This is from Carnival of Souls, an excellent example of how a movie can be quite unsettling on a low budget and minimum of special effects (you know, it is much easier to italicize words with a mouse than on a Tablet) (just to throw in a little computer chatter).

My depression looming over me? Only I do not look that good in a bathing suit.

A little Creature from the Black Lagoon never hurt anybody.  Some people find it helpful to picture their depression as an animal that follows them around.  I wonder if a mind trick like that would help me.  I could picture it as a monster and make friends with it.

“Hi, Depression. Nice suit. Green suits you.”

Maybe not.

Invasion of the Happiness Snatchers?

Or I could fight my depression with a pitchfork, and a little help from my friends.  The pitchfork only provided temporary relief in Invasion of the Body Snatchers, but it certainly made for a dramatic moment.  Regular readers know I love drama.  I wonder if the pod people could be worked up to a full metaphor for depression.  That might be something to play with sometime.
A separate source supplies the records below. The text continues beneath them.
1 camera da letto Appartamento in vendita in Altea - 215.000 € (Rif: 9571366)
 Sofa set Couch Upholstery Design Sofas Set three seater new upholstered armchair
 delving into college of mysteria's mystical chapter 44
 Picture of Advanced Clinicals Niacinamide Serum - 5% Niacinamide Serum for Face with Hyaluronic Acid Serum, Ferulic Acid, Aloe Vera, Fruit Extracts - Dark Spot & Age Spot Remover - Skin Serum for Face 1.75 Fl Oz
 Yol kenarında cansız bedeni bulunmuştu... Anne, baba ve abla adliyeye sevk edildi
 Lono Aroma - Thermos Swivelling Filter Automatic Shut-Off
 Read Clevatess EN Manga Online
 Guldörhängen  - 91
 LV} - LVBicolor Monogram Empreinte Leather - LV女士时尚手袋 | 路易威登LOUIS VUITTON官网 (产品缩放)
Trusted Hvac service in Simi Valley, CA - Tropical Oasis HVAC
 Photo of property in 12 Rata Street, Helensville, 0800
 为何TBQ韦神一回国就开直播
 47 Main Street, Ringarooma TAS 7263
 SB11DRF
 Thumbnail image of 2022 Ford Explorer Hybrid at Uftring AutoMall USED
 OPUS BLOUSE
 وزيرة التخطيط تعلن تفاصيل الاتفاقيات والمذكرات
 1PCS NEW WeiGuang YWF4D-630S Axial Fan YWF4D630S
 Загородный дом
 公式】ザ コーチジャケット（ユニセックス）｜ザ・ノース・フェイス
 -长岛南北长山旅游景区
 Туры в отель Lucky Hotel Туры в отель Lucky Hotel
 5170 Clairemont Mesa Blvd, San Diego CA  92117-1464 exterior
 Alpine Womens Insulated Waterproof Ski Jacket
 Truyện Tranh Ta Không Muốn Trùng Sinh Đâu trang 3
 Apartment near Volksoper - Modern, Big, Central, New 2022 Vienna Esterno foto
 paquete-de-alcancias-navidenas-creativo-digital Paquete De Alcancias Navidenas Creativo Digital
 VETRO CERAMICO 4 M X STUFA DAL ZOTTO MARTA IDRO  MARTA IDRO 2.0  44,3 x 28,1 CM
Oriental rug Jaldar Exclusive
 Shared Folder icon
And now I see I am approaching 300 words, with very little effort and only a minimum of whining.  I will make a greater effort toward even less whining, and as always try for a better blog post next time.  Once again, thank you for tuning in.

 

Luckily, Blog Posts Don’t Have To Be Perfect

Today is a Blogger’s Sick Day.  That is when I spend a few words whining about how terrible I feel and call it a post.  Maybe I could share a few pictures to pep things up, maybe get a little Throwback Thursday into the mix.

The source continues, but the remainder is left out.